By Ben Heald, CEO of Sift Media
Business and industry awards come in all shapes and sizes; from the internationally recognised Queen’s Award for Enterprise or the National Business Awards through to schemes run by local chambers of commerce, regional papers or niche industry publications.
The reasons why organisations enter awards and the level of success they gain from the outcome can vary considerably. So why do businesses invest time and often a considerable amount of resource on entering awards; and does winning represent genuine acclaim for your business or is it all just marketing and PR puff?
Winning a business award has the potential to offer a number of key benefits.
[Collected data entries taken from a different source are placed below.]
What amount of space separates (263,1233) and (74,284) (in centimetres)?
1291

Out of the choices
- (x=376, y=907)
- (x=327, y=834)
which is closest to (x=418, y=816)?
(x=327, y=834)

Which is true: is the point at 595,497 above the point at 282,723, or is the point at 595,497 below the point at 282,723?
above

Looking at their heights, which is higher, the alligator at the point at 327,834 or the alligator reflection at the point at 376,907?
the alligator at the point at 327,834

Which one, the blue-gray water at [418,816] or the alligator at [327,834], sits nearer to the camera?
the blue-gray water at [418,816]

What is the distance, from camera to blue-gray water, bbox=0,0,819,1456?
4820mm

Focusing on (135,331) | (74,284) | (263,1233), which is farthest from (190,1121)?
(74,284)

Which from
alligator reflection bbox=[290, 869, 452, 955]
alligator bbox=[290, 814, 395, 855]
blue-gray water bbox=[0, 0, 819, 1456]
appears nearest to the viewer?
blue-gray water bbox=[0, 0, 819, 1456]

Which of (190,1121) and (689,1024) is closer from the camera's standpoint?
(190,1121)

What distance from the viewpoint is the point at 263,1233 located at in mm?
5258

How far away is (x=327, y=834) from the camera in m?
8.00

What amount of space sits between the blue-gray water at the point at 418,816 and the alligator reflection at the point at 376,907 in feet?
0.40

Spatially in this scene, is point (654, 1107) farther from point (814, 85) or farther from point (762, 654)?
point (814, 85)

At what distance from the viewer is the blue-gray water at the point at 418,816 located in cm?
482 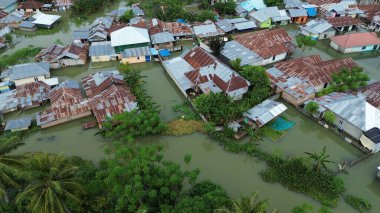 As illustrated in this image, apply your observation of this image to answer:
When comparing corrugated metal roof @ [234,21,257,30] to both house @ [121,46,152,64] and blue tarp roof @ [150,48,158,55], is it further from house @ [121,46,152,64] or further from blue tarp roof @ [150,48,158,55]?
house @ [121,46,152,64]

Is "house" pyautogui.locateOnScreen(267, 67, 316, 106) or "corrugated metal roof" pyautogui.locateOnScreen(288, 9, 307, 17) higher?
"corrugated metal roof" pyautogui.locateOnScreen(288, 9, 307, 17)

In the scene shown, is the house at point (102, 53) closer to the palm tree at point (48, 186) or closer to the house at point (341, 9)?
the palm tree at point (48, 186)

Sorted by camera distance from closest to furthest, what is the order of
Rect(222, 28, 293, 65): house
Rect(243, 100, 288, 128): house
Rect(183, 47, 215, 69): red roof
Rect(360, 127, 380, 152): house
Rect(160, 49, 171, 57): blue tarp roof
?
1. Rect(360, 127, 380, 152): house
2. Rect(243, 100, 288, 128): house
3. Rect(183, 47, 215, 69): red roof
4. Rect(222, 28, 293, 65): house
5. Rect(160, 49, 171, 57): blue tarp roof

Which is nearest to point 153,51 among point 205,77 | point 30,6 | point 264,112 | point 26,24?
point 205,77

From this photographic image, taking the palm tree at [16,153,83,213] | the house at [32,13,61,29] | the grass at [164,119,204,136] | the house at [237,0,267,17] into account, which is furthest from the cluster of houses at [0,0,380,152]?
the palm tree at [16,153,83,213]

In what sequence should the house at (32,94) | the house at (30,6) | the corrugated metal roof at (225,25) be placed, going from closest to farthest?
1. the house at (32,94)
2. the corrugated metal roof at (225,25)
3. the house at (30,6)

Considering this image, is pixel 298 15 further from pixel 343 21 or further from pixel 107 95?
pixel 107 95

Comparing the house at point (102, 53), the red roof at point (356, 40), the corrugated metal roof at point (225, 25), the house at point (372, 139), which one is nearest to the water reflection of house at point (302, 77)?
the red roof at point (356, 40)

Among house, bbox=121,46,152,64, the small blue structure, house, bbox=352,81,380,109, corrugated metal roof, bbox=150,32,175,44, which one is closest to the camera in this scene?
house, bbox=352,81,380,109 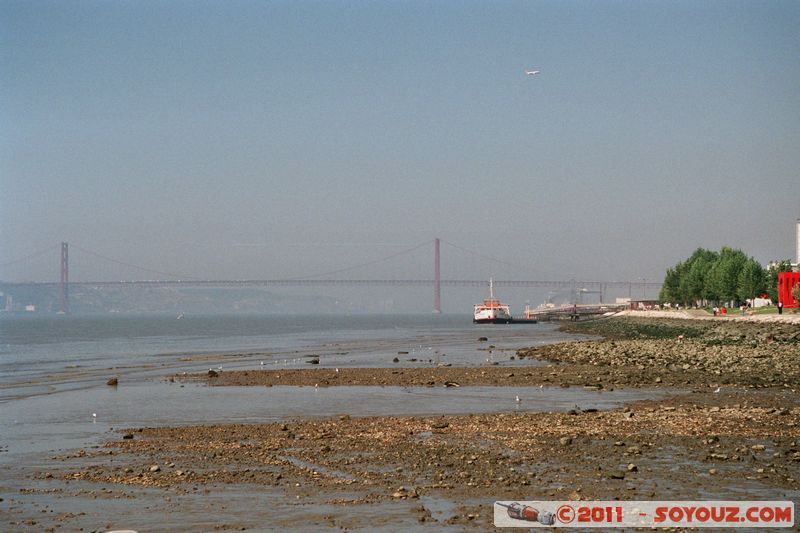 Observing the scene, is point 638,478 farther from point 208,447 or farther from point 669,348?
point 669,348

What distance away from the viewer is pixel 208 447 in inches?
714

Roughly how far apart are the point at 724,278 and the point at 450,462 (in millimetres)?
99812

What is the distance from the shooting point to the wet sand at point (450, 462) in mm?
12734

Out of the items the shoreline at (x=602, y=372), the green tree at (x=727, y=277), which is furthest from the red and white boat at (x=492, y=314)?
the shoreline at (x=602, y=372)

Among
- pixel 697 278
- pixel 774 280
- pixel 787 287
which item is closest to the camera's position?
pixel 787 287

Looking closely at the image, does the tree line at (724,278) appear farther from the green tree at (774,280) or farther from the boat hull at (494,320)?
the boat hull at (494,320)

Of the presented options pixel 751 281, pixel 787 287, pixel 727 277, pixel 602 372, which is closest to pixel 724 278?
pixel 727 277

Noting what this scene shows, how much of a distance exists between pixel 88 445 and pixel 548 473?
10.2 metres

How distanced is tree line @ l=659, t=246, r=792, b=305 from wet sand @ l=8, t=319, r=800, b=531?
82022 mm

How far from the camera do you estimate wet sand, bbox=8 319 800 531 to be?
501 inches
It can provide external recognition for your staff for a successful project or initiative, and the fact that you have deemed their work worthy of entering an award speaks volumes.
There is of course, a marketing element. Whether it is coverage in the media, the use of the logo in marketing activity such as direct mail, advertising and collateral, or whether it’s just word of mouth between colleagues and families of the winners, this kind of third party recognition can be used to reward and motivate a team.
A matter of choice
However, the degree to which these aspects are true depends on the ‘value’ of the award. When it comes to awards, attitudes range from those who are serial award enterers to those who think it’s all a waste of time.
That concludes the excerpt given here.